Transport Workers Union of America - Public Ownership

Public Ownership

The union soon faced a serious challenge to its newly-won status as representative of the employees of the IRT and BMT when the City bought those lines in 1938. The union had already discovered that the City Board of Transportation, which ran the smaller Independent Subway System (IND), was as dismissive of unions as the private lines, even though two of the three members had union backgrounds before they entered politics.
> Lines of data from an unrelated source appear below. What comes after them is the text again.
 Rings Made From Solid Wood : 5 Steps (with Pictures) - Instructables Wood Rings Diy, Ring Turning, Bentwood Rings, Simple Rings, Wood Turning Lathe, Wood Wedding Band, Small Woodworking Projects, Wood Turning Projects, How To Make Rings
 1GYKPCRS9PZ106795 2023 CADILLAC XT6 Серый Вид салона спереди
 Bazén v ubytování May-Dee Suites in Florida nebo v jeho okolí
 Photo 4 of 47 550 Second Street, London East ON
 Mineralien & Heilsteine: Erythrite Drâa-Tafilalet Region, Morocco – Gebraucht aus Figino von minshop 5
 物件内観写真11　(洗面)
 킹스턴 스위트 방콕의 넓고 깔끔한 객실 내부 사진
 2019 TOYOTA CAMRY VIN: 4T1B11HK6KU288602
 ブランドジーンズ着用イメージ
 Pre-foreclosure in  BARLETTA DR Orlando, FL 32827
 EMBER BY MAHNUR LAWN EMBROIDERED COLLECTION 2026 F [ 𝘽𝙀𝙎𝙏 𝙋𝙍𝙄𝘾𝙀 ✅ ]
Mayor Fiorello La Guardia, who had represented the Amalgamated Clothing Workers as a lawyer in private practice twenty years earlier, and who had received labor's support in running for Mayor of New York, was likewise hostile to any union of city employees that could not be bent to his will and contemptuous of those that could. Even though the TWU, in coalition with the Amalgamated Association, swept the election to determine which union should represent the IND's employees, the Board refused to bargain with it. La Guardia invited the Brotherhood of Railroad Trainmen to represent the motormen, but had to retreat when Roy Wilkins of the NAACP pointed out that this brotherhood did not allow African-American workers to join, while the TWU did. The union's organizing drive on the IND, however, stalled in the face of official opposition.

The City's plan to buy the IRT and BMT threatened even greater problems, however, since the City, as prospective employer, not only threatened to refuse to recognize the TWU, but argued that collective bargaining was inappropriate for civil service employees. In addition, public ownership would make both the closed shop and the right to strike unlawful.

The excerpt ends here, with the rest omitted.